Latest update : 2009-03-23

Four Societe Generale executives, including chief executive Daniel Bouton, who had been awarded thousands of stock options each, have agreed to give them up entirely after intense government pressure.

AFP - Top executives at Societe Generale have handed back thousands of stock options after French President Nicolas Sarkozy warned the perks were "unacceptable" given the state aid enjoyed by the bank, an internal letter showed Sunday.
Four Societe Generale bosses including chief executive Daniel Bouton, who last week received tens of thousands of stock options each, agreed Friday not to exercise them in the face of angry criticism from the French government.
Faced with continued attacks, they announced in a letter to staff at the bank, seen by AFP, they would give them up entirely.
"To cut short the controversy, we have decided to renounce these stock options and have informed the board of adminstrators," read the letter, to be mailed out on Monday.
Speaking a day after a million people took to the streets to demand a state boost to low wages, Sarkozy warned Friday it was "unacceptable" for executives of firms bailed out with state aid to receive bonuses and stock options.
The president made it clear he was referring to Societe Generale, which has received state loans worth 1.7 billion euros (2.3 billion dollars) to help it through the financial crisis.
"Obviously, some people are having trouble understanding what we are saying.
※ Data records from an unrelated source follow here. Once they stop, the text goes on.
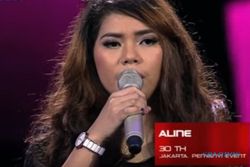 THE VOICE INDONESIA RCTI : “Anyer 10 Maret” Versi Aline Bikin Baper Berat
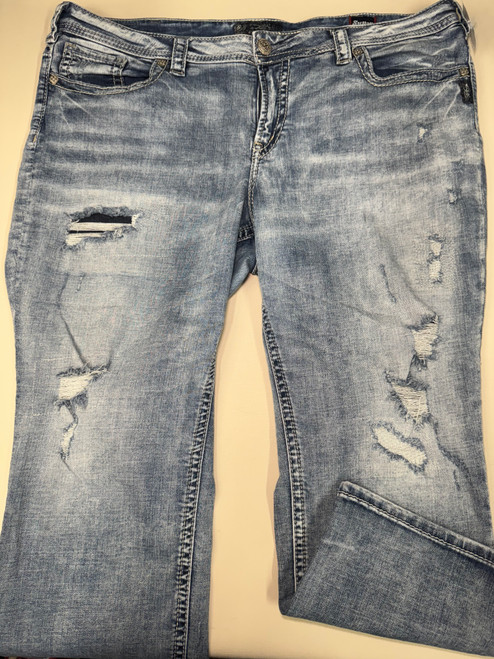 Vist Large View of Product Image Which is Used Silver Jeans Denim 20-35
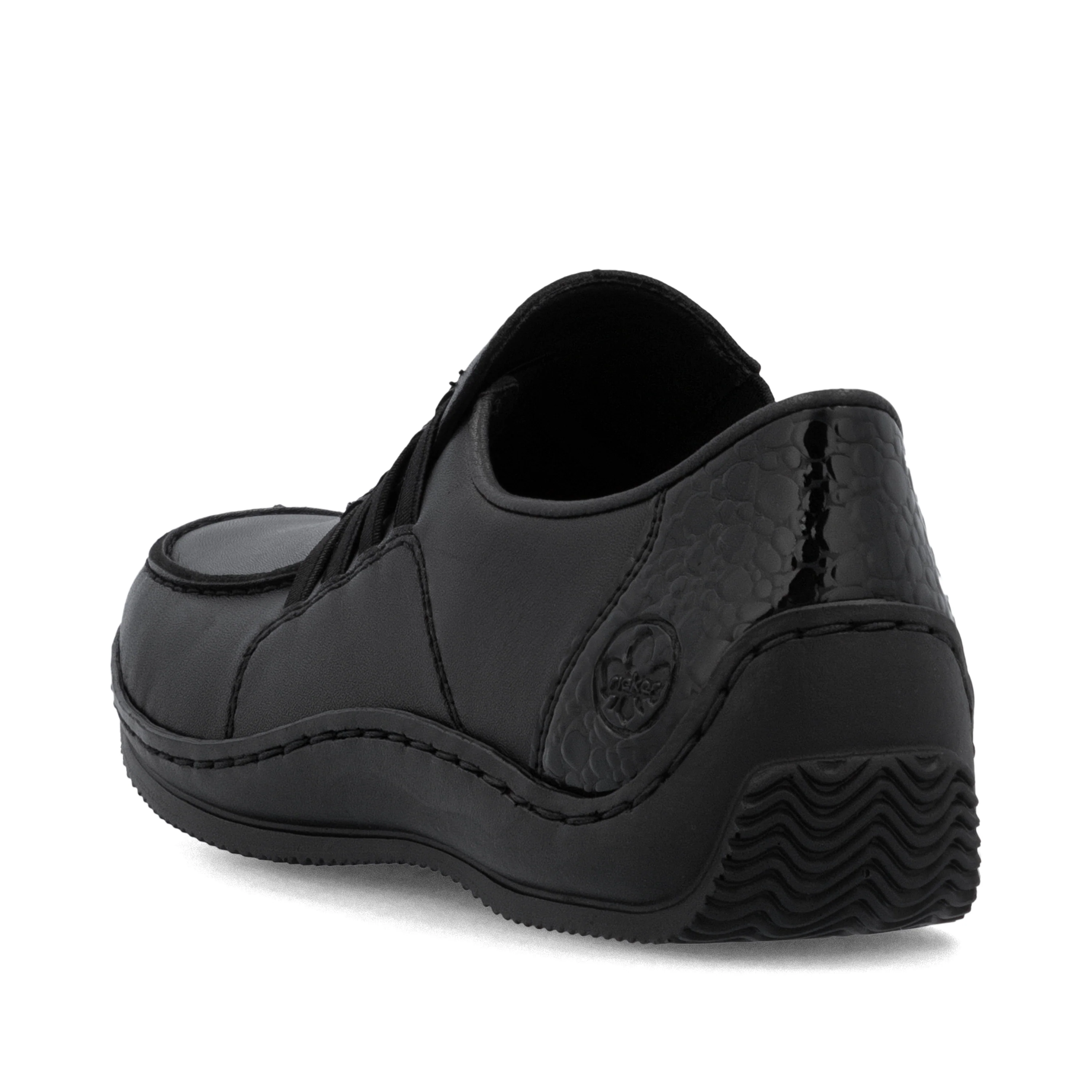 Rieker Woman's Shoes - Black | L1777-00 - Image 3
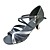  modificar los zapatos de cuero sintético superior de danza latina zapatos para mujeres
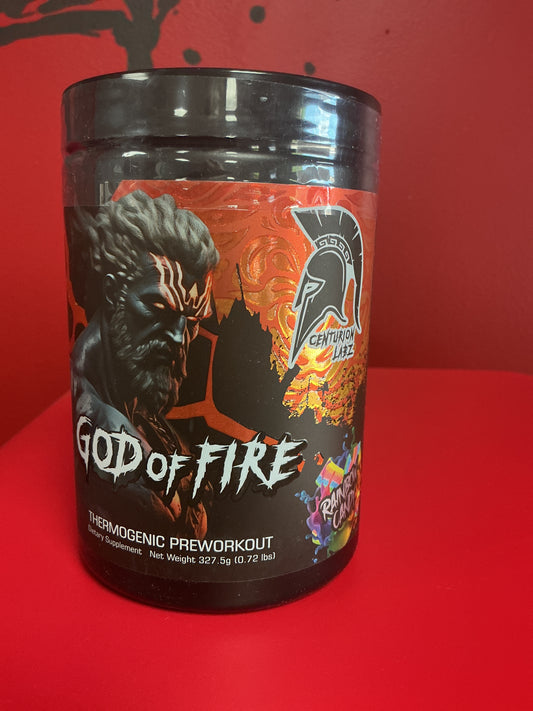 Centurion Labz God of Fire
Wherever there are layoffs, wherever there is state aid, bonuses and stocks options are unacceptable," Sarkozy said.
He added: "You cannot seek state money and (at the same time) draw up a plan to give out shares and bonuses."
In Britain, the former head of beleaguered bank RBS, Fred Goodwin, is resisting government pressure to give up a monthly pension of about 700,000 pounds (745,000 euros, one million dollars) despite overseeing record losses.
Stock options enable executives to buy a specific number of shares in their company in the future and are frequently used as a form of bonus or incentive to encourage managers to boost share value.